Accelerator Functional Unit Developer Guide: Intel FPGA Programmable Acceleration Card N3000 Variants

ID 683190
Date 7/15/2022
Public
Document Table of Contents

5.1. Adding Signal Tap to the Design

After you have compiled the hello_afu design, you can proceed as follows for adding Signal Tap to the design.
  1. Familiarize yourself with the project hierarchy. If your Project Navigator is not already in view in your main Intel® Quartus® Prime window, then in the Intel® Quartus® Prime window select View > Project Navigator. Detach the Project Navigator pane to expand its view. Expand the pac_top instance. Now expand the inst_green_bs instance. Next expand inst_ccip_std_afu.
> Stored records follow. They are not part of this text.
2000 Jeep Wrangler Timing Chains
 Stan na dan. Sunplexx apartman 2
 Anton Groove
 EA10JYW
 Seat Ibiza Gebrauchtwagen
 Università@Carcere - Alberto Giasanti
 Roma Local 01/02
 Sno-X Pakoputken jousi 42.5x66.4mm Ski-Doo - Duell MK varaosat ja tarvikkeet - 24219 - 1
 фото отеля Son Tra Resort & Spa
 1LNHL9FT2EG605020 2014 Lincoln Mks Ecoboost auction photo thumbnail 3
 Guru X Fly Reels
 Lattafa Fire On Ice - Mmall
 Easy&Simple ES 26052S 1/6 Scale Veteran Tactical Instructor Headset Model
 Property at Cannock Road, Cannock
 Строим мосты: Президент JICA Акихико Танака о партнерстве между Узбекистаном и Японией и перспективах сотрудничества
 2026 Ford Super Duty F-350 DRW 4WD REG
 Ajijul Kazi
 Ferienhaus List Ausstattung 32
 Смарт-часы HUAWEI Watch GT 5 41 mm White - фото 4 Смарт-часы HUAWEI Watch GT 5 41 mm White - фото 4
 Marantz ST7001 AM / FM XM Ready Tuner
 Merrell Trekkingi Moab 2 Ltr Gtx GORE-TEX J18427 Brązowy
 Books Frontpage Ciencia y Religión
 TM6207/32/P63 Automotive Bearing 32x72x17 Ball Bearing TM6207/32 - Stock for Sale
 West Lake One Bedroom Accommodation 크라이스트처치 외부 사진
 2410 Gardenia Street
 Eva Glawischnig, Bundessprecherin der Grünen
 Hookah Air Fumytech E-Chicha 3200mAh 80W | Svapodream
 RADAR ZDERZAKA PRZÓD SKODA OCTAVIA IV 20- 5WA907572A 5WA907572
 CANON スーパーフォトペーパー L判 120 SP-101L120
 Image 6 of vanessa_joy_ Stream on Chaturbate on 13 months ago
Your Project Navigator display should look as shown below:
  2. For this learning tutorial, the CCI-P interface and scratch register is instrumented. Select the afu instance in Project Navigator and right click, then select Locate Node and finally, Locate in Design File. See screen shot below:
  3. This brings up the hello_afu.sv SystemVerilog code. Having the code available for review while defining the signals to be instrumented is highly useful.
  4. Open the Signal Tap tool to create a *.stp file defining the signals to be instrumented. See example screen shot below on how to open the Signal Tap tool:
    1. The Signal Tap GUI appears as shown below:
    2. You can now set up a Signal Tap instance to instrument a portion of the design for observability.
      In this example, the Signal Tap instance is renamed to hello_afu to indicate its use to instrument the hello_afu module. To rename the auto_signaltap_0 instance, right click and select Rename Instance:
  5. For the hello_afu Signal Tap instance define the clock used to sample the signals to be instrumented. For accurate results, the instrumented signals must be in the domain of this clock. To select the clock, select the button under “Signal Configuration”:
    1. This brings up the Node Finder tool. Find the “Look in:” listing go to the right and click to bring up the “Select Hierarchy Level” viewer. See screen shot:
    2. In the Select Hierarchy Level viewer expand pac_top, inst_green_bs, inst_ccip_std_afu and select afu and click OK. See screen shot:
    3. From reviewing the hello_afu.sv code, notice all signals are synchronous to signal clk. In the Node Finder window, type in *clk* in the “Named” blank and click Search. Expand each instance selection in the “Matching Nodes” pane. Then select clk and the > to make this the signal used for clocking the Signal Tap instance. See screen shot:
      1. Press OK
      2. The Signal Configuration dock on the far right should look as shown below:
  6. You can increase the depth of the samples captured by increasing Sample depth. For this example, the depth is increased to 1 K. Please keep in mind, increased depth means more FPGA resources used for the Signal Tap instance.
  7. Select the signals to be added to the hello_afu Signal Tap instance by double clicking the Double-click to add nodes area of the “Setup” dock. This brings up the Node Finder tool. Repeat the steps above to set the “Look in:” box to narrow the search to just the hello_afu instance. You want to see the CCI-P interface signals and scratch pad register. Enter cp2af_sRxPort* in the "Named" entry field and click Search. Click the >> to select all signals to give you total visibility of the ccip RX bus input to the hello_afu. See screen shot below:
  8. Now change “Named:” to scratch* and click Search. Expand Matching Nodes until the scratch_reg is displayed. Select scratch_reg and then >> to add the scratch register signals to the “Nodes Found” list. See screen shot:
  9. Now enter af2cp_sTxPort* in the "Named" entry field and click Search to instrument the output CCI-P bus signals. Expand the instance names in “Matching Nodes". Do not select names ending in ~reg0. Your display should be as shown below:
  10. Click Insert and Close. Your display should be as shown below:
  11. Select File > Save As and save the newly created Signal Tap Logic Analyzer file as hello_afu.stp in the current directory.
  12. When asked: “Do you want to enable Signal Tap File hello_afu.stp for the current project?” Click Yes.
  13. Close the Signal Tap GUI.
  14. Re-Run a full compilation to create a new FPGA implementation with hello_afu Signal Tap instrumentation included.
  15. Once the build completes, the newly created pac-n3000-secure-update-unsigned.bin with Signal Tap instrumentation can be loaded into FPGA Flash for storage and use as the user image loaded into the Intel® Arria® 10 GT FPGA.